Sun Oct 21 18:17:28 EDT 2001

Martin von Loewis <loewis at informatik.hu-berlin.de> writes:

> "Tim Peters" <tim.one at home.com> writes:
> 
> > Season to taste.  In 2.2 you could use a more memory-efficient scheme via
> > iterating over d directly:
> > 
> > def random_from_dict(d, x):
> >     "Return and remove x random (k, v) pairs from d."
> >     from random import random
> >     n = float(len(d))  # float() so x/n later doesn't truncate to 0
> >     if not 1 <= x <= n:
> >         raise ValueError("go away")
> >     result = []
> >     for k in d:
> >         # Choose this item with probability x/n.
> >         if random() <= x/n:
> >             result.append((k, d[k]))
> >             x -= 1
> >             if x == 0:
> >                 break
> >         n -= 1
> >     for k, v in result:
> >         del d[k]
> >     return result
> 
> Does that give each key in the dictionary the same probability of
> being picked (assuming random() distributes uniformly)?
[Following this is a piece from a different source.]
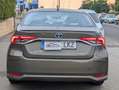 Toyota Corolla Sedán 125H Active Tech Gris - thumbnail 13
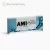 AMI Eyes Polynucleotide 1 %, stimulátor očního okolí, 2 ml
If yes, is
> there some easy way to "see" that this is the case? If no, could one
> design an algorithm that iterates over a dictionary only once, still
> offers the same probability to each key?

See "Programming Pearls", by Jon Bentley, for discussion of this
algorithm.  Basically though look at the case x=1 and convince
yourself that you'll pick one element from the dictionary with
uniform probability.  Then generalize to x>1.